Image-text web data
╭──

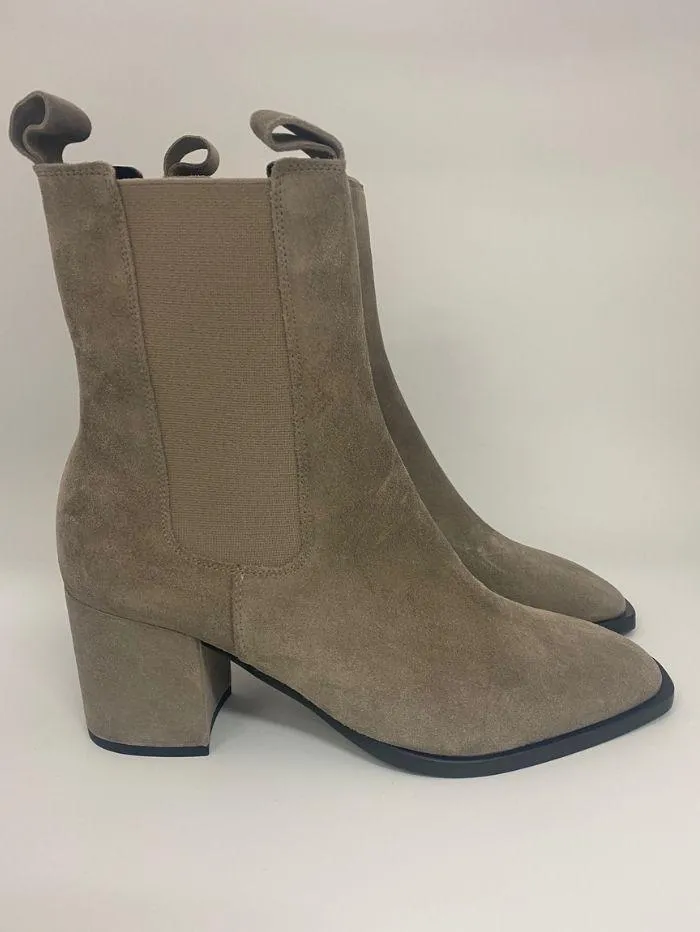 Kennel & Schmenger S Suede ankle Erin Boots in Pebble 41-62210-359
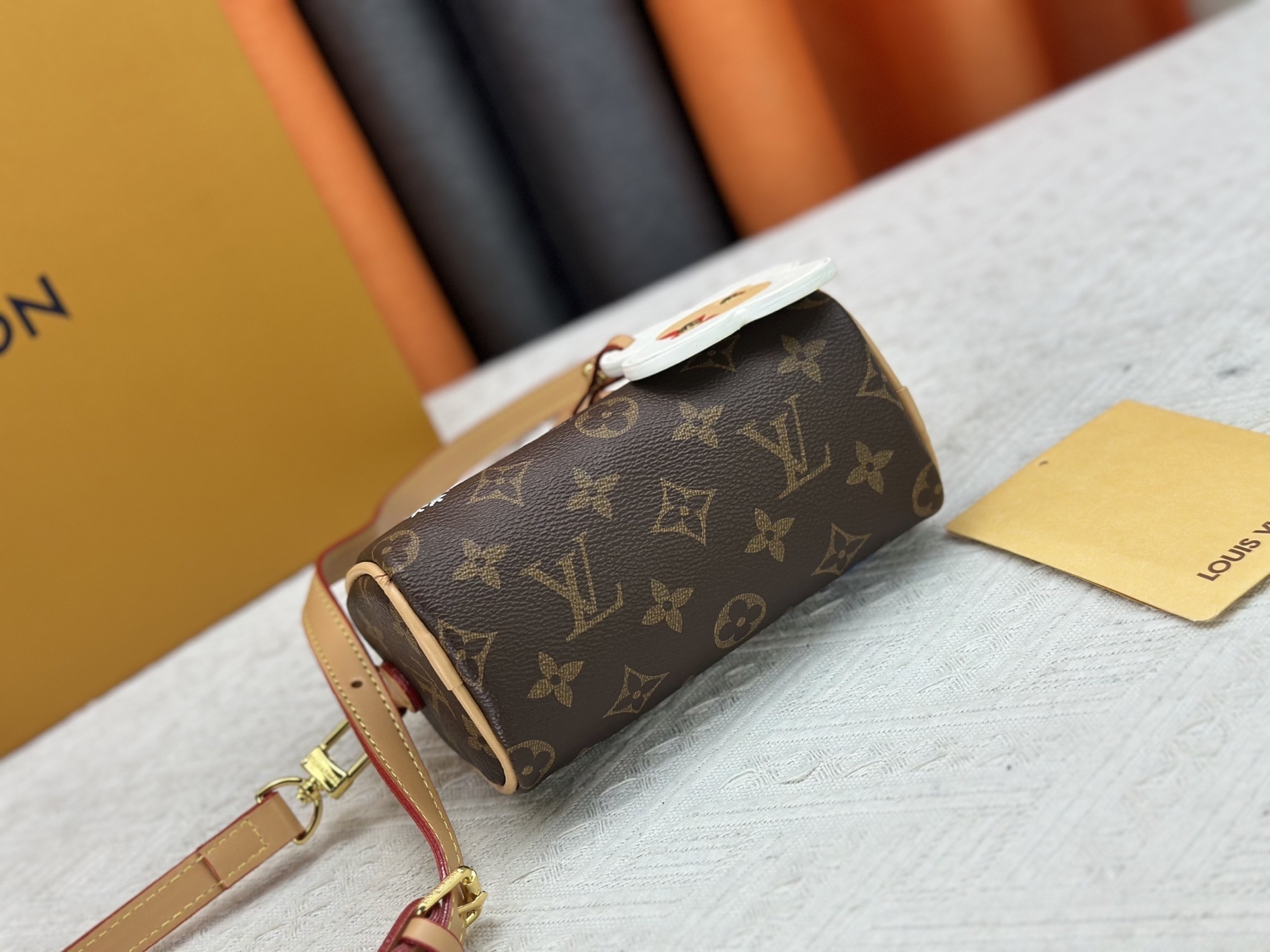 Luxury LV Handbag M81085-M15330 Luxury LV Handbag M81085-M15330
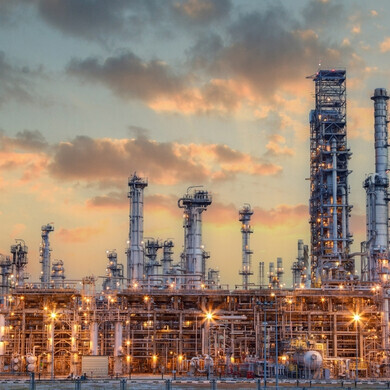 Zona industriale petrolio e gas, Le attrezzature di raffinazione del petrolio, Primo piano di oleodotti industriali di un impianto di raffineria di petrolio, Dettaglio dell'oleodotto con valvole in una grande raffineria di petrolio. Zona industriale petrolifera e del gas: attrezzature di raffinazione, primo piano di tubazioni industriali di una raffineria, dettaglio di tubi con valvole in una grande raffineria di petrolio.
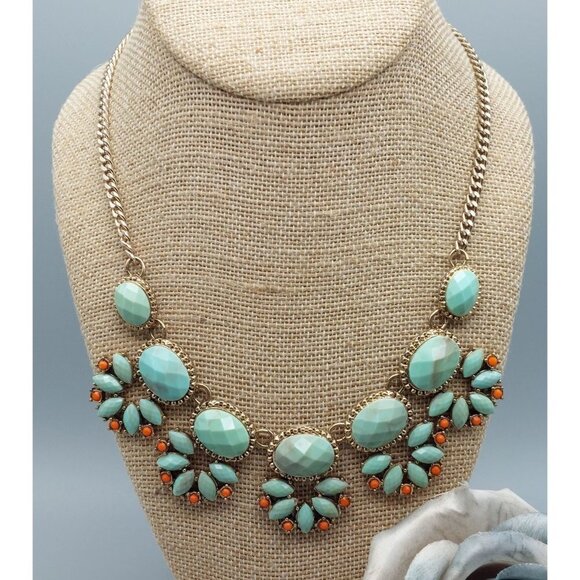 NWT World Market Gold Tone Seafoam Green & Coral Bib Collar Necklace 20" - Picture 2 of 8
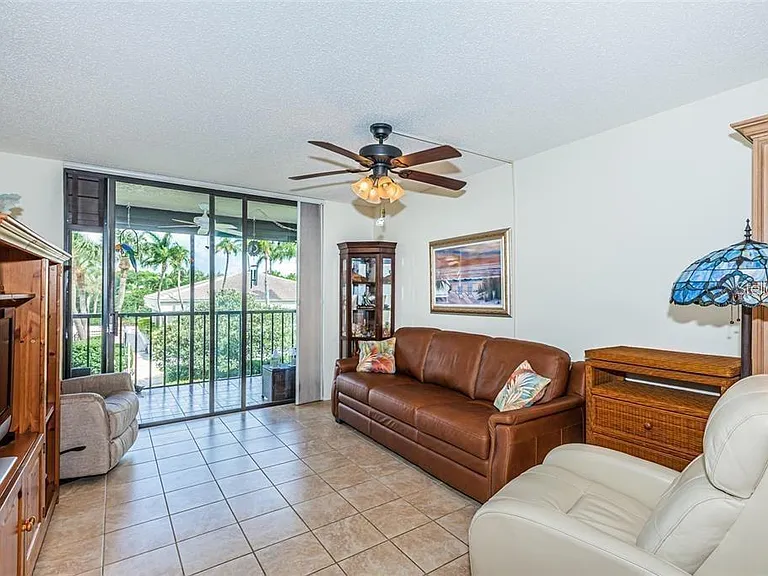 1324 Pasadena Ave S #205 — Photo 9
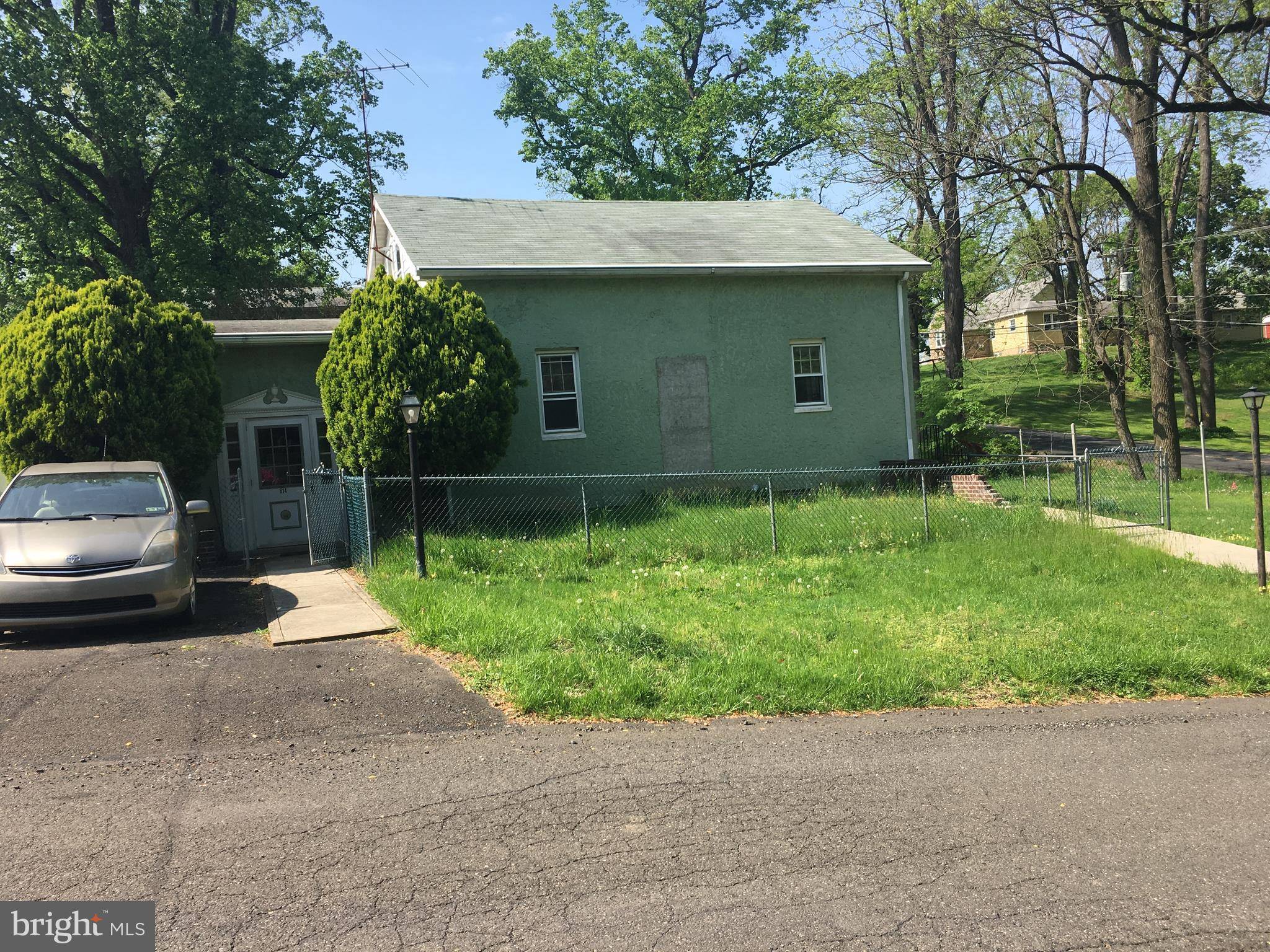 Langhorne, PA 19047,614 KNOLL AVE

╰──

◆ **TASK**: Give all the entries again exactly, dropping each picture.

◆ **YOUR SOLUTION**:
 Kennel & Schmenger S Suede ankle Erin Boots in Pebble 41-62210-359
 Luxury LV Handbag M81085-M15330 Luxury LV Handbag M81085-M15330
 Zona industriale petrolio e gas, Le attrezzature di raffinazione del petrolio, Primo piano di oleodotti industriali di un impianto di raffineria di petrolio, Dettaglio dell'oleodotto con valvole in una grande raffineria di petrolio. Zona industriale petrolifera e del gas: attrezzature di raffinazione, primo piano di tubazioni industriali di una raffineria, dettaglio di tubi con valvole in una grande raffineria di petrolio.
 NWT World Market Gold Tone Seafoam Green & Coral Bib Collar Necklace 20" - Picture 2 of 8
 1324 Pasadena Ave S #205 — Photo 9
 Langhorne, PA 19047,614 KNOLL AVE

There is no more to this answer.